FBNH’s operating profit in Q2 2017 fell to N15.5 billion against N19.9 billion in Q1 2017. Similarly, PAT reduced to N13.0 billion in Q2 2017 as against N15.7 billion in Q1 2017. The fall in operating profit and PAT was as a result of exhaustion in revaluation gains combined with slight deviation from earlier cost compression measures, thus making its bottom line more volatile.

FirstBank’s capital adequacy ratio (CAR) dipped from 17.8% in Q1 2017 to 17.6% in Q2 2017, still making it higher than the regulatory prudential ratio of 15%. At the same time the bank’s gearing ratio fell from 64.6% in Q1 2017 to 62.9 Q2 2017.

Certainly, the bank’s ability to leverage on its cost of risk and the depth of its deposit base will improve its earning capacity.

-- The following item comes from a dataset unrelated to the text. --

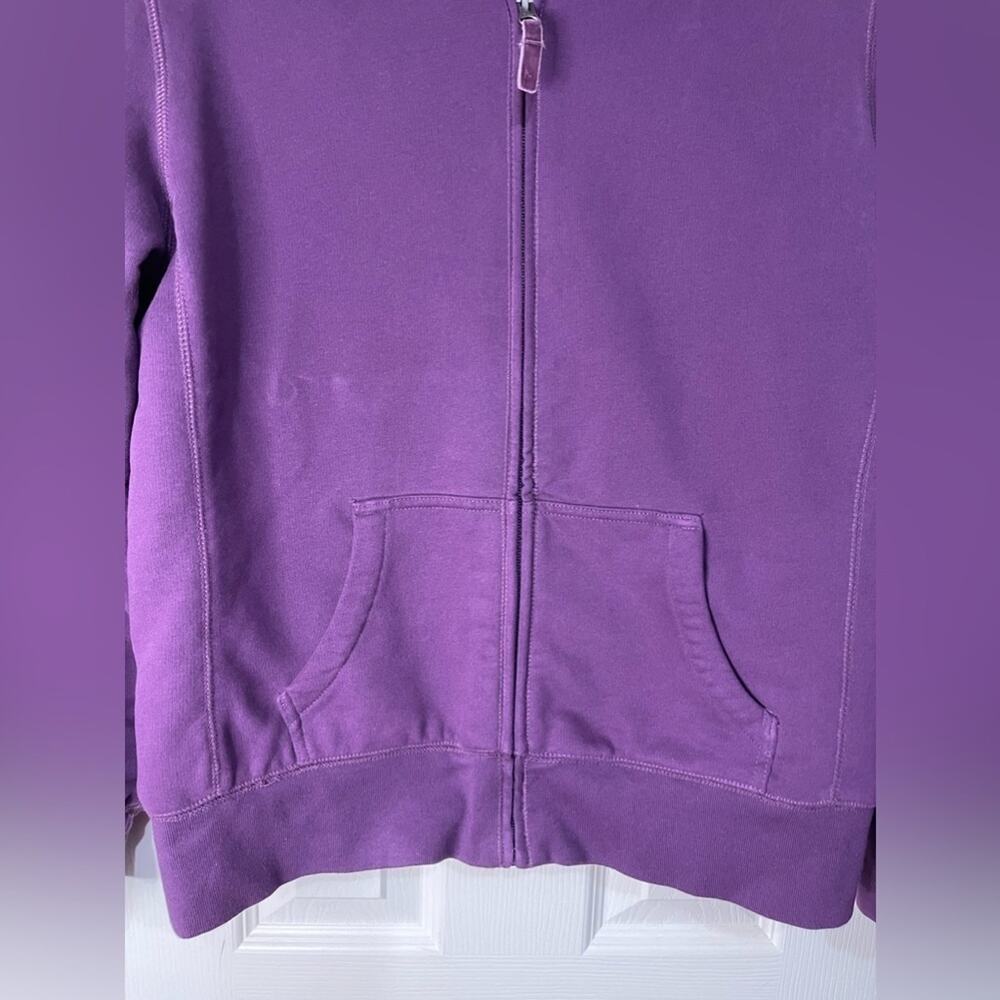 L.L. Bean Plush Lined Full Zip Purple Women's Medium Outdoor Jacket - Picture 3 of 6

It is also expected that as macro condition improves fused with stable oil prices such dynamics will provide the needed support for the bank’s loan recovery drive, given its high exposure to the oil sector.

At the same time it is important for the bank to improve its capital adequacy ratio, improve asset quality, cost-to-income ratio, sustain its aggressive loan recovery drive and more importantly improve synergy across all arms in order to bolster the non-interest income stream.